Schantz, who died in 1903, was a businessman and councilman in Dayton.

He and his brother George were partners in a successful brewery. He eventually bought out his brother and at one time was a partner in at least 10 Dayton breweries.

Schantz developed a way to purify water for use in his breweries and called the product Lily Water, according to Woodland Cemetery and Arboretum.

Marie Sturwold Aull

Carillon Historical Park

Surrounded by native Ohio plants, a sculpture of Aull stands at Carillon Historical Park in Dayton.

Aull, a conservationist and educator, founded Aullwood Audubon Center and Farm and played a major role in creating the Dayton-Montgomery County Park District, now known as Five Rivers MetroParks.

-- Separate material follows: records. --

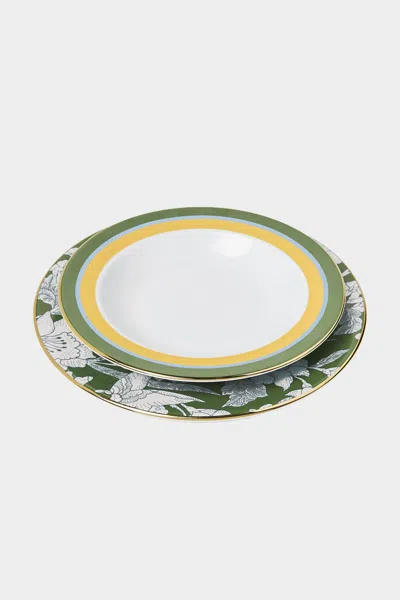 La Doublej Housewives Soup And Dinner Plate Set Of 2 In Roman Holiday Avorio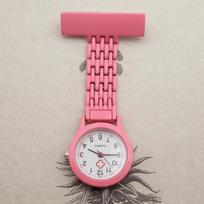 Popular Alloy Pin Nurse Watch Hot Sale Pocket Watch Pink Cute Color Watch for Nurse Hospital Nurse Watch rožinė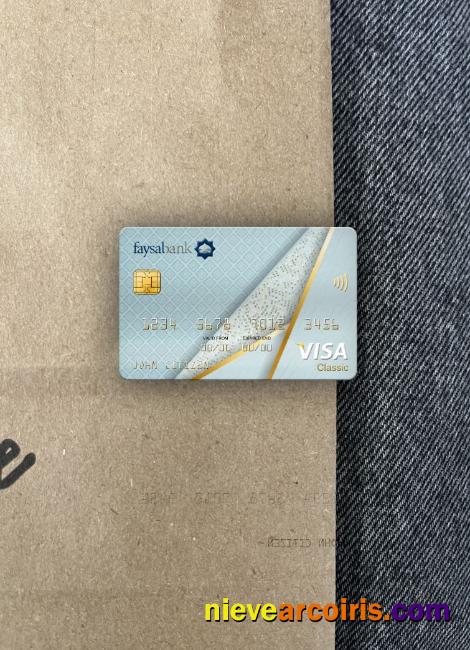 Pakistan Faysal bank visa classic card photolook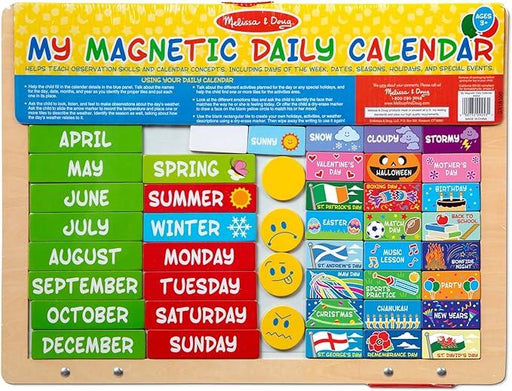 Melissa & Doug - My First Daily Magnetic Calendar (8L)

This sculpture, by artist Erik Blome, was a gift from the Garden Club of Dayton and dedicated on June 17, 2003.

Abraham Lincoln

Courthouse Square, Dayton

An 11-foot-tall Abraham Lincoln made of bronze looks over Courthouse Square in downtown Dayton.

It was the most recent statue added to the region to honor a historical figure.

Here is a look at some of the notable figures cast throughout the city.

The monument, created by Urbana artist Mike Major, was commissioned to commemorate Abraham Lincoln’s visit to Dayton on Sept. 17, 1859. That day, Lincoln reportedly stood on a box on the curb facing the steps of the Old Courthouse and spoke to the crowd for close to two hours.